Even though there is absolutely zero chance of sneaking away for a weekender to Florida this winter, I’m thinking these sort of structured, regular work sessions may be just what I want between this golfing season and the next.
But I know that my life and my schedule are about to become completely upended, and there is no way I could commit to something that requires a firm, regular time commitment over the next several months. That would just be silly and selfish.
So I’m trying to figure out ways I can try to stay sharp this winter.

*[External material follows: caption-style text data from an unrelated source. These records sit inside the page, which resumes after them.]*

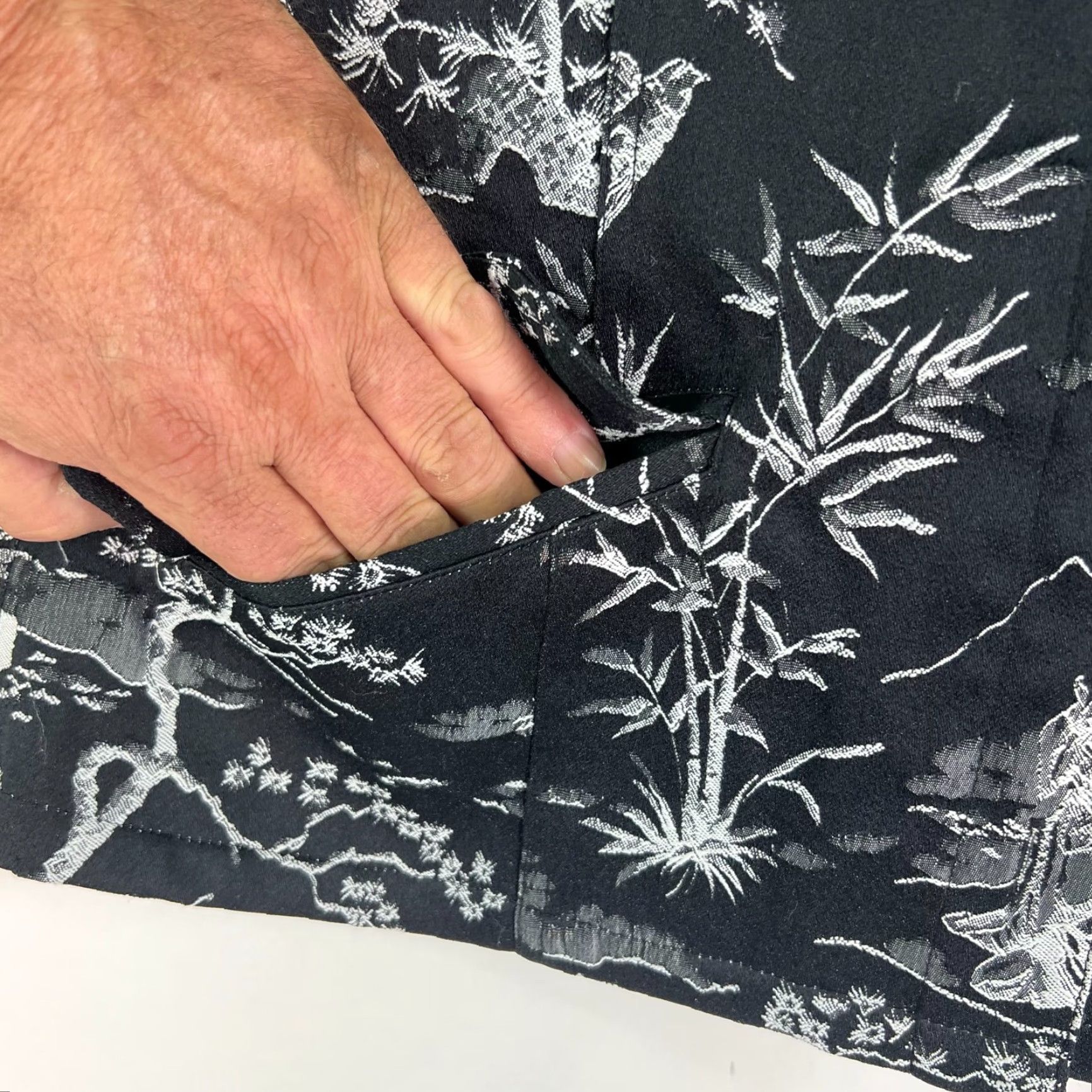 Vintage Chico's Blazer Shirt Womens Size M Black Embroidered Bonsai Garden Button Down Floral Vintage No Size M / US 6-8 / IT 42-44 - 4 Thumbnail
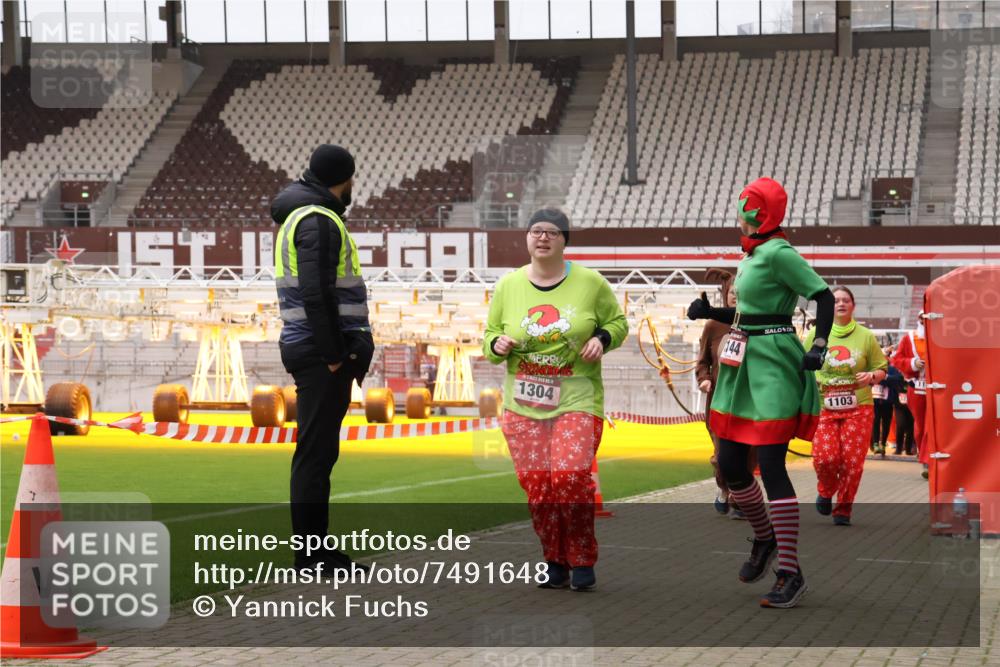 08.12.2024 - St. Pauli X-Mass-Run No. 14 Yannick Fuchs http://msf.ph/oto/7491648 08.12.2024 10:43:02 Ziel 1030, 1103, 1144, 1204, 1231, 1304, 1411, 1520, 1524, 1525 meine-sportfotos.de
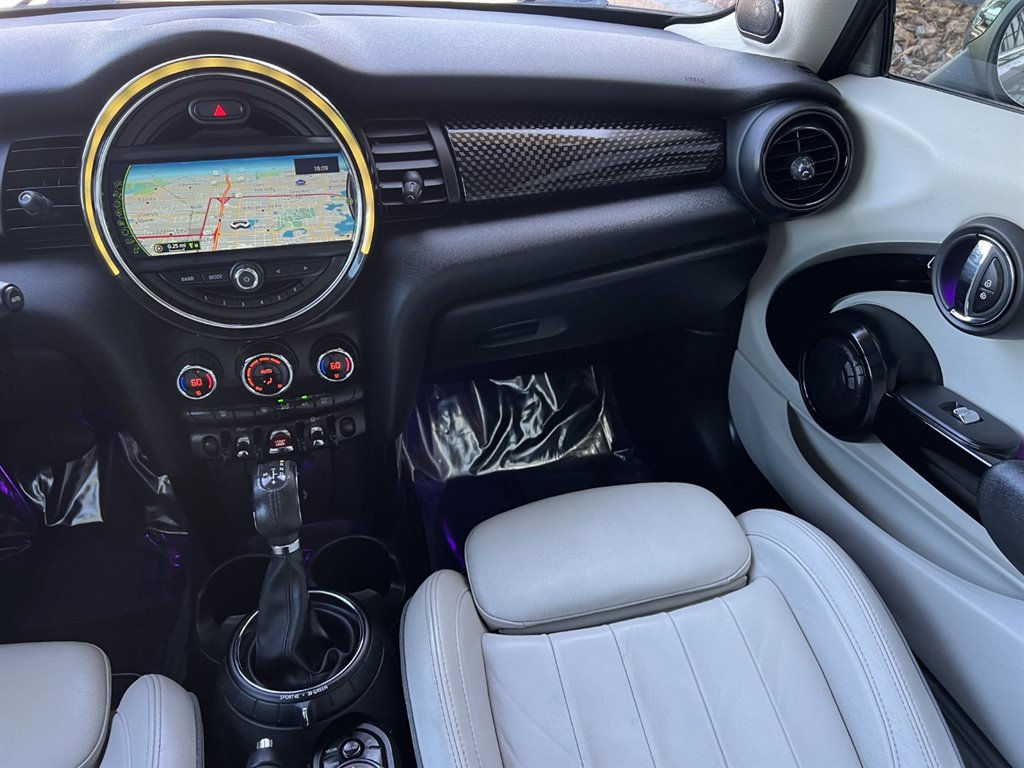 2017 MINI Cooper S photo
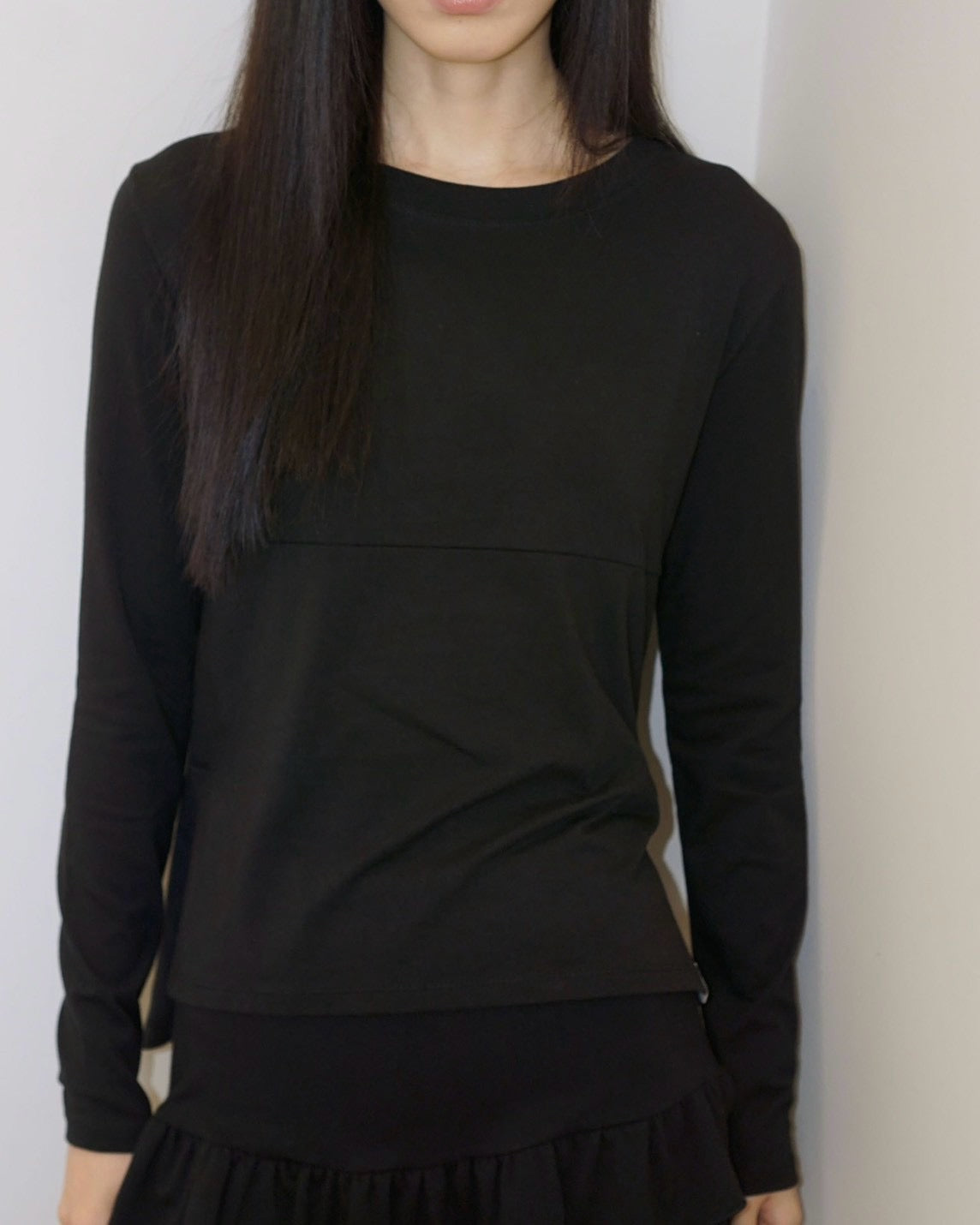 【Uglyshadow】BACK RIBBON T-SHIRT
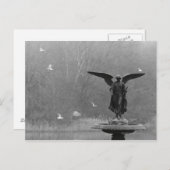 Angel Sculpture in Pond Briefkaart (Voorkant / Achterkant)
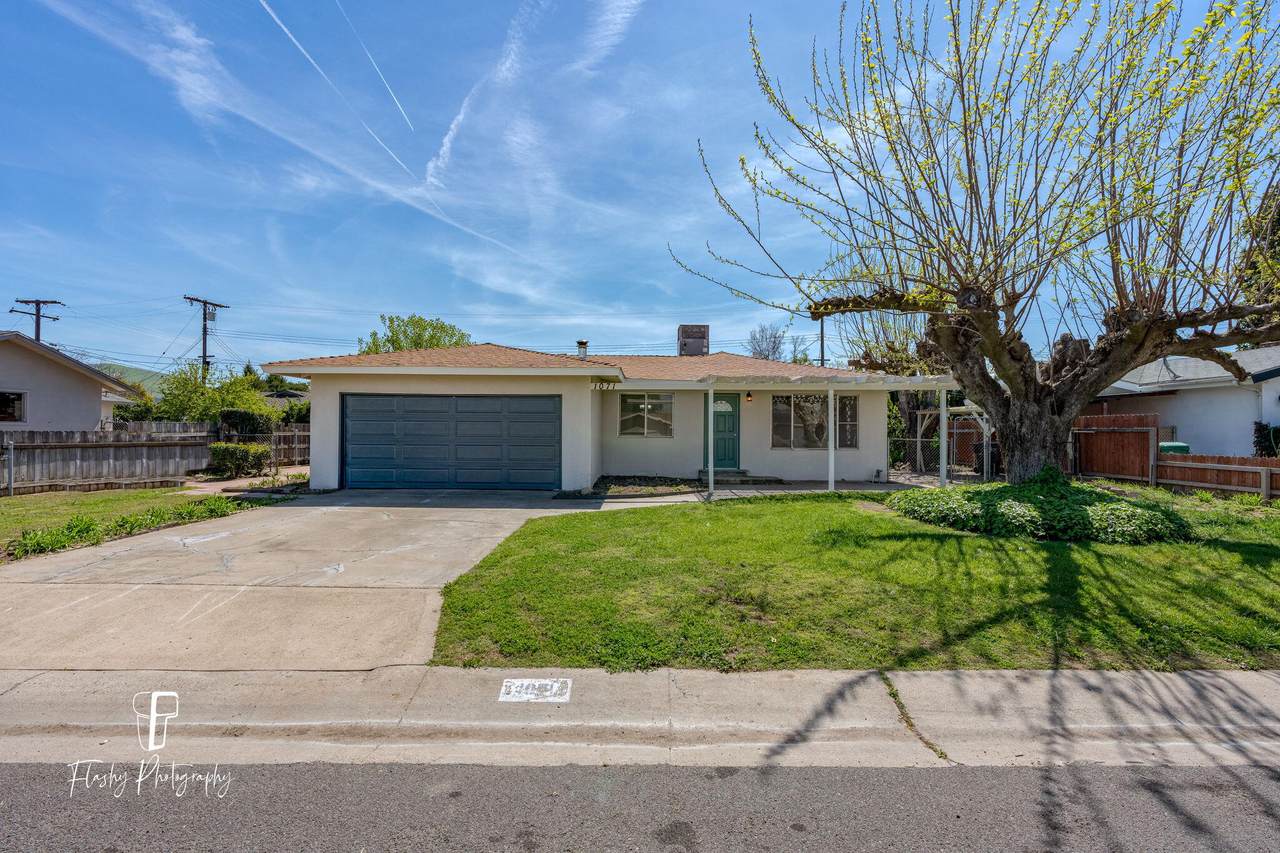 1071 Vandalia Avenue - Photo 1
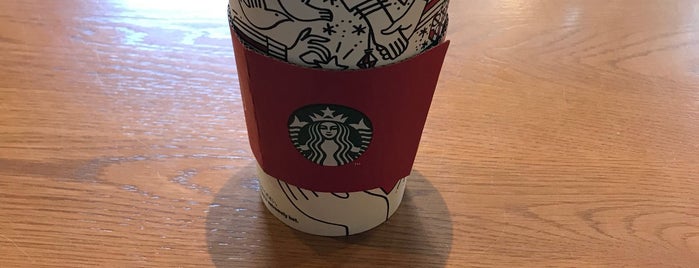 Starbucks Coffee 青山外苑西通り店 is one of I Love STARBUCKS ! 【Tokyo】.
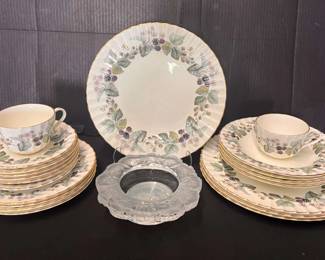 SR1029Royal Worcester Lavinia China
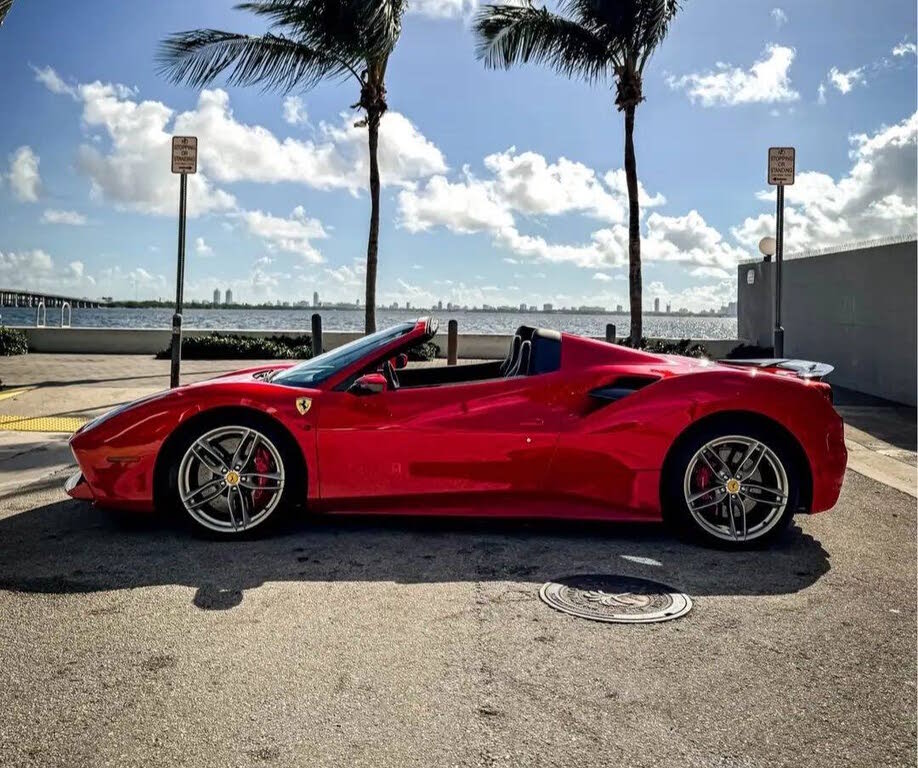 2018 Ferrari 488 Spider RWD photo 4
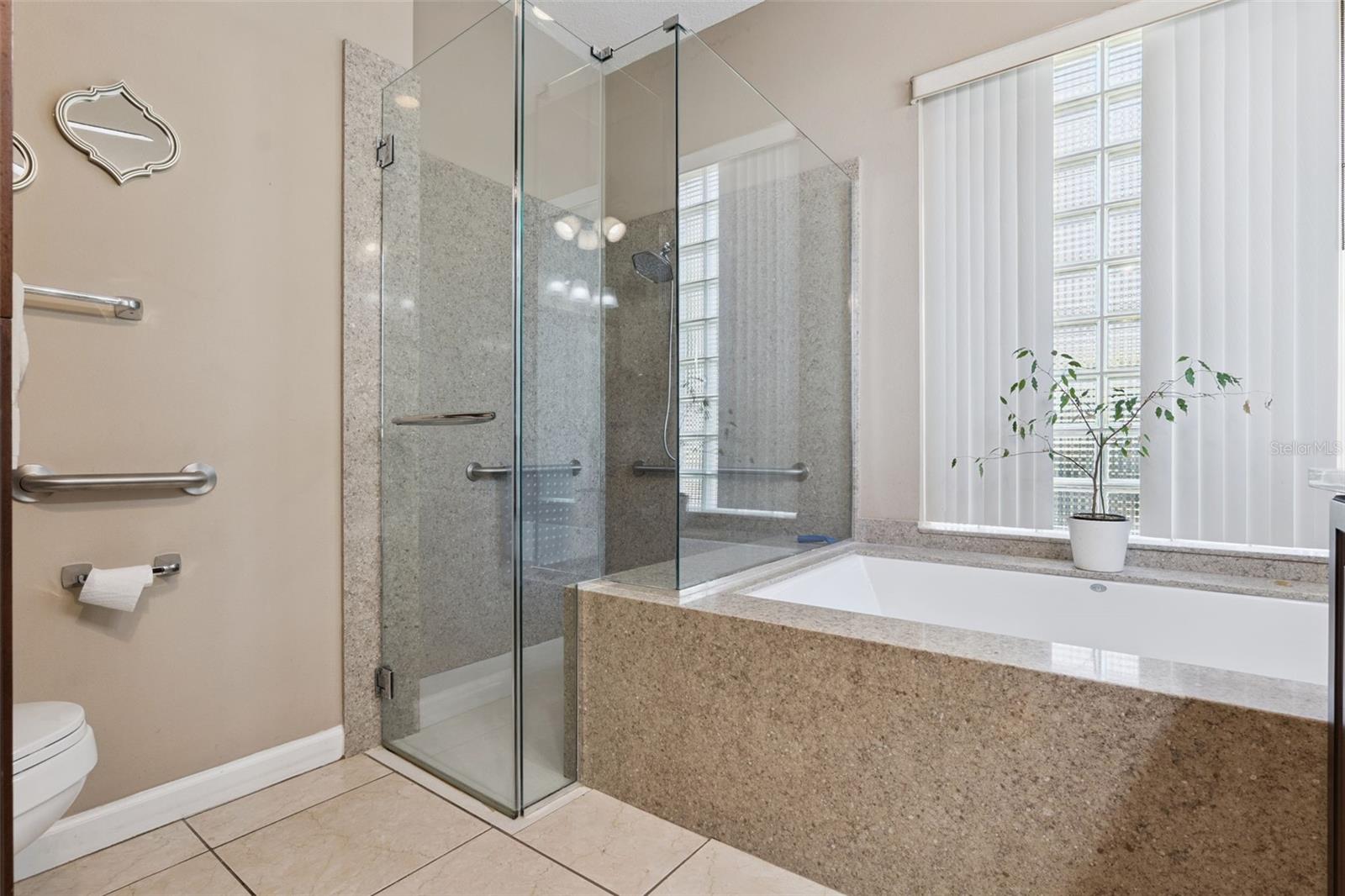 MOUNT DORA COUNTRY CLUB MOUNT DORA UNIT 02 - Residential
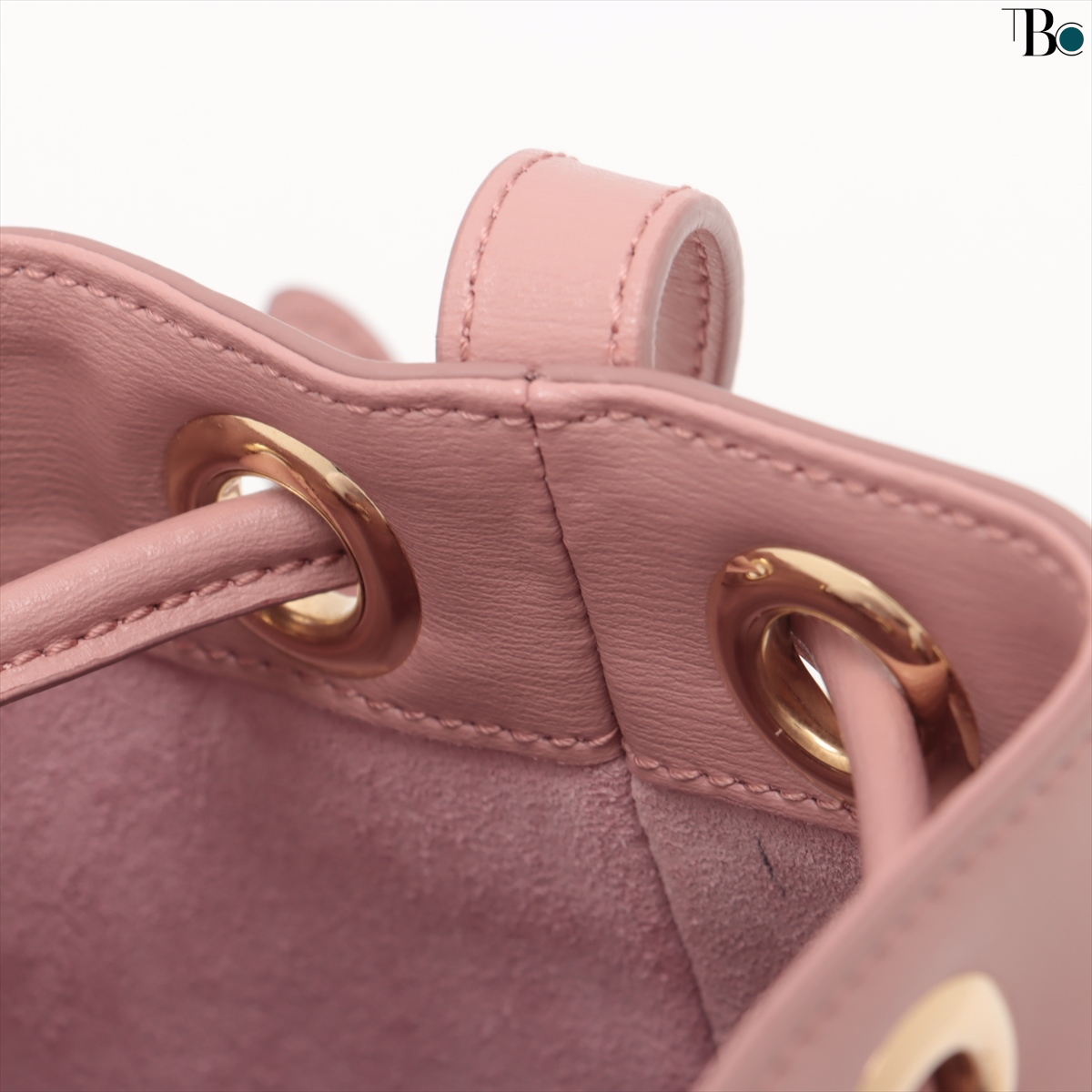 Preowned Ferragamo Gancini Mauve Leather Bucket Bag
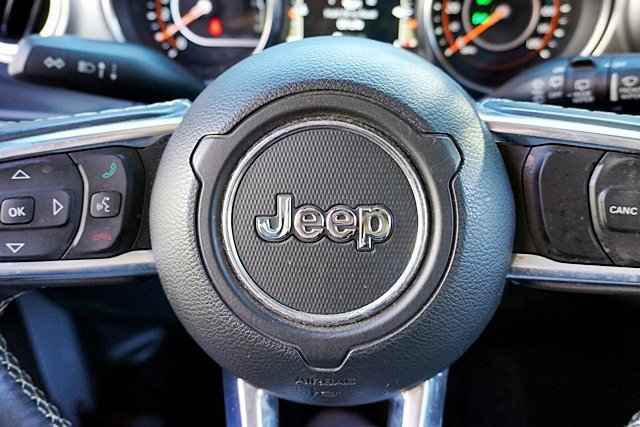 Used 2018 Jeep Wrangler Unlimited Sahara image 36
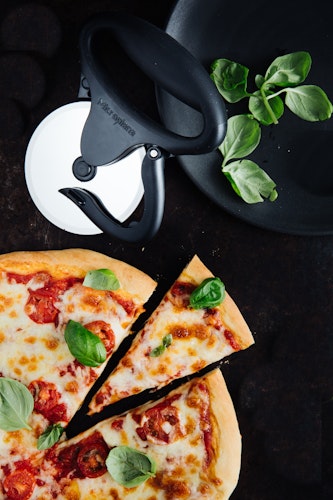 Microplane Pizza Schneider SPECIALTY Schwarz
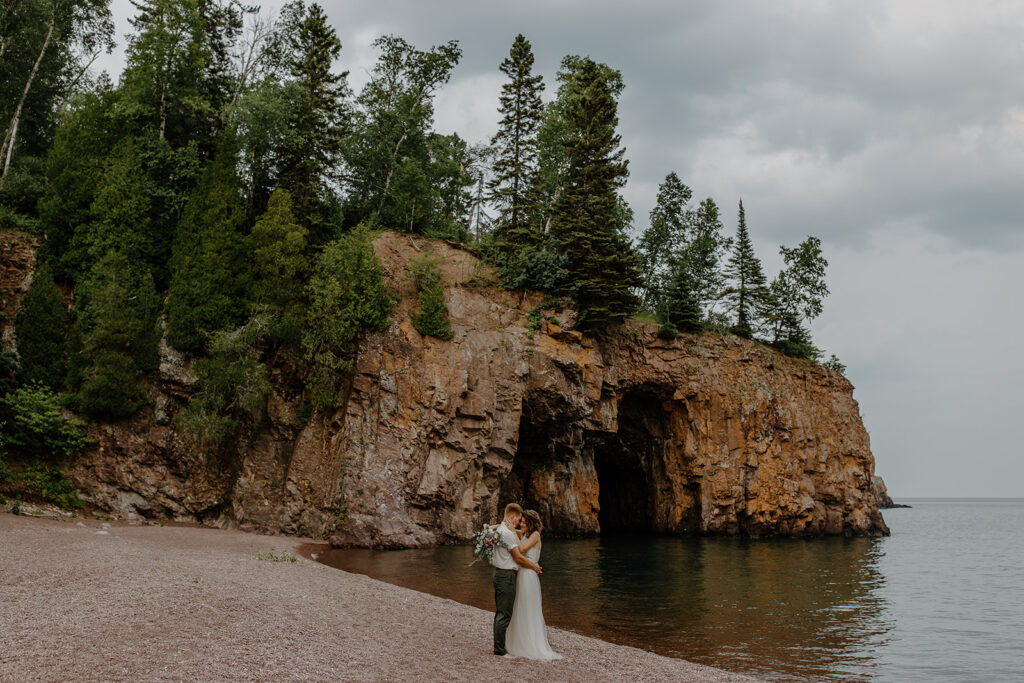 north shore mn elopement in tettegouche state park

The daily exercise demands of my faithful sidekick should be enough to maintain my existing “fitness” level.
Can that routine, coupled with perhaps a bi-weekly practice bucket in Man O’ War’s heated, lighted stalls, be enough to keep my forward momentum going?
Perhaps I’ll finally get around to incorporating a regular stretching routine to increase my flexibility (yeah, that New Year’s resolution remains unfulfilled).
So, Dear Readers, I am putting this question to you: Any good ideas of how to keep my golf game sharp over the dormant winter dead period? I will be interested to learn what has or hasn’t worked for you, and, as always, grateful for any constructive suggestions.
And no, before the smart-asses chime in, at 35 years old, I’m prohibited by The Wife, the budget, and state law from becoming a Snow Bird from Thanksgiving to St. Patrick’s Day.
One thought on “How do I not “Lose” my swing over the Winter?”
Well as someone in the same situation, the things that help keep my golf game from falling apart is training, stretching, and visualizing playing solid golf. Our off season is about 5 months long, so keeping fit and mentally strong works for me. And it is totally adjustable to all life’s adventures.